In contrast, the ELCC for a particular wind farm calculated for, say, the case of 30GW of installed wind capacity will be significantly lower than the ELCC calculated for the case of 20GW of installed wind capacity and the ELCC can depend significantly on the other available resources such as storage and how they are operated. As renewable penetration increases, the correlation of production across renewables implies that the ELCC per MW of installed capacity will decrease. For example, in a 2019 study by Energy and Environmental Economics (E3) of deep decarbonization for California, E3 expects ELCC for solar farms to fall from about 50% of farm capacity to around 1% of farm capacity as the penetration of solar increases significantly. This means that a particular level of installed reserve margin will no longer be a suitable short-hand for adequacy in a renewable-dominated system because the reserve margin necessary to achieve an acceptable level of adequacy will be highly dependent on the assets in the system.
System operators recognize this issue and can consider it in their calculations. Again, Professor Wolak provides a detailed explanation of the process. ELCC assessments of resource adequacy could then, in principle, use derated capacities of individual thermal resources together with a derated total renewable capacity to assess whether there will be enough available capacity at the time of a forecasted future peak net load. Professor Wolak details some of the serious technical difficulties in trying to apply ELCC in high renewable contexts.
Professor Wolak’s critique of ELCC applied to renewables and the discussion in various reports, including the E3 California report and work by the Energy Systems Integration Group, point to why adequacy cannot be captured in high renewable systems by power capacity concepts such as static levels of installed reserve margins. Installed reserve margins implicitly reference a peak load or peak net load condition; however, under high renewable penetration, adequacy is increasingly determined by supply-demand balance during the extended periods of low renewable production that the Germans call a dunkelflaute. While sophisticated simulations can reflect these sorts of energy constraints, translating them into capacity terms such as an ELCC or a required installed reserve margin then obscures the underlying energy issues.

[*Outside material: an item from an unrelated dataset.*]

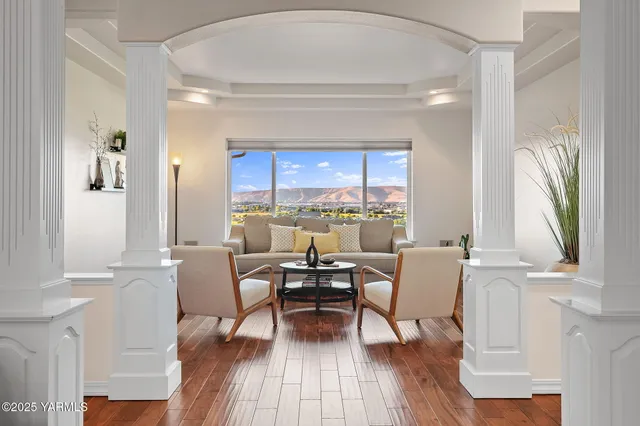 a dining room with furniture a window and wooden floor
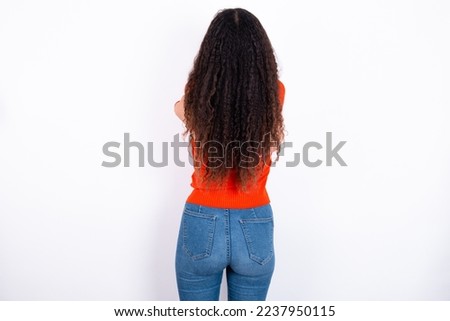 teen girl with curly hair wearing red sweater over white background hugging oneself happy and positive from backwards. Self love and self care.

Correlation of renewable production over multiple hours or days brings into question the whole power capacity focus of reserve margin assessment. It is not simply that there might be low renewable production during the particular hour or few hours of peak load or peak net load in a summer or winter and that we might or might not have enough available capacity for that hour or few hours. The issue is more serious: there might be low renewable production for many hours, or even days, resulting in a significant mismatch between the desired energy consumption and the available energy production.
This was illustrated by the February 2021 event in ERCOT, which incidentally also involved correlated outages of generation and natural gas supply due to cold weather. While winterization will reduce the coincidence of future outages of thermal generation and gas supply under cold conditions, and more generally reduce the prevalence of other issues that can be mitigated by winterization, it will not change the correlation between lowered renewable production and increased consumption, since these are due to the “common mode” event of the extreme weather event itself.
Consider a future repeat of a similar weather event to February 2021 in ERCOT. Let’s assume winterization of the thermal generation, gas supply, water supply, and other components has been accomplished. And, suppose similar weather conditions occur in a future ERCOT with much higher penetration of renewables.
ELCC assessment that included this particular weather event would reveal whether or not the other generation and storage in the system could meet demand or whether significant curtailment was necessary. Although repetition of something like the February 2021 weather might be a low probability event, its severity would lead to significant hardship. That is, the most pressing question for future adequacy will increasingly be whether there is enough energy over multiple hours to days to cover an event similar to the February 2021 ERCOT event without significant curtailment. This energy would come from a combination of renewable production, available fuel at thermal generators, and from other storage such as batteries. From this perspective, the recent discussions in ERCOT around new mechanisms for ensuring adequate generation capacity seem beside the point: these discussions all build on an anlysis that did not consider the 2021 weather conditions.
The ERCOT market has recently added a “Firm Fuel Supply Service.” Requirements for onsite fuel storage for thermal generators is a tacit recognition that power capability is insufficient to evaluate resource adequacy when stressed conditions may extend over multiple contiguous hours or days. The issue of supplying energy over multiple contiguous hours or days will become increasingly significant at higher levels of renewables.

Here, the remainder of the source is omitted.